Data below:

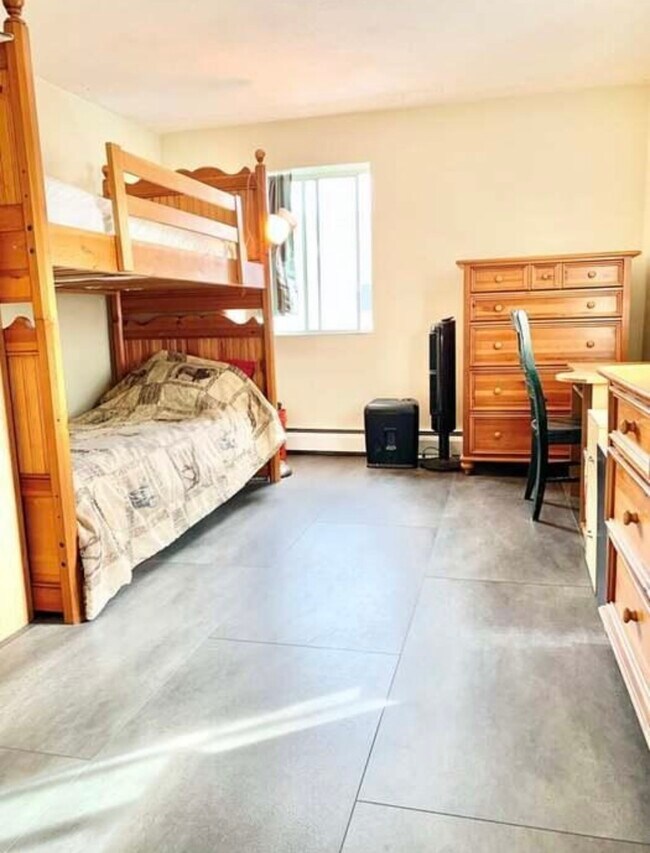 Building Photo - 124 Addison St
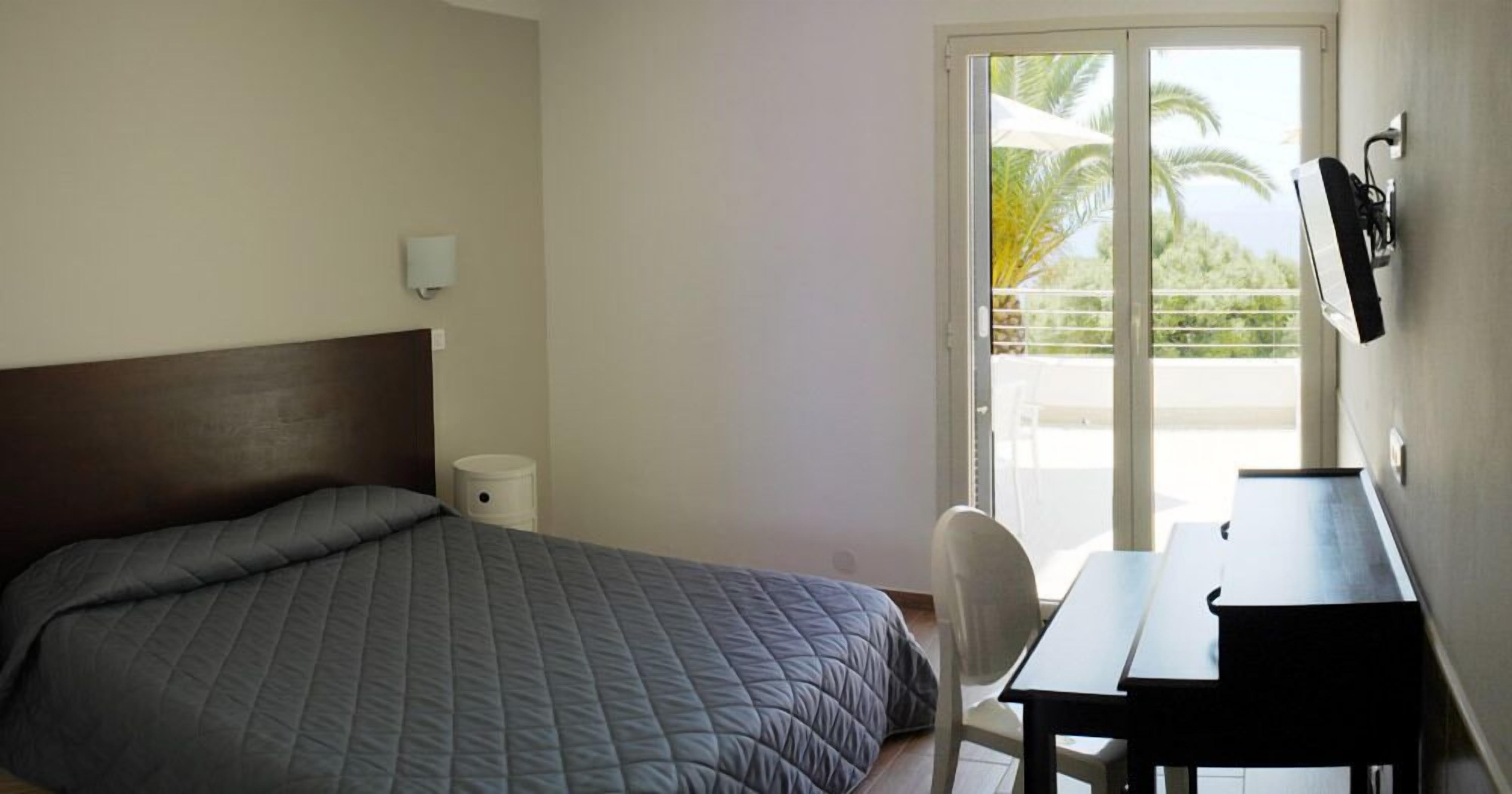 double room | minibar, in-room safe, desk, blackout curtains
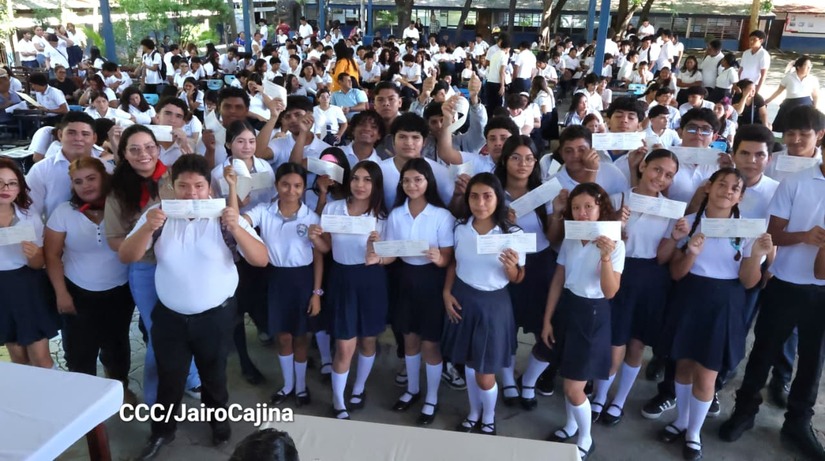 Bono-Presidencial-a-Bachilleres-38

End of Data.

## [Task prompt]
Line by line, write out the material exactly, leaving the images out.

## [Answer to the problem]
 Building Photo - 124 Addison St
 double room | minibar, in-room safe, desk, blackout curtains
 Bono-Presidencial-a-Bachilleres-38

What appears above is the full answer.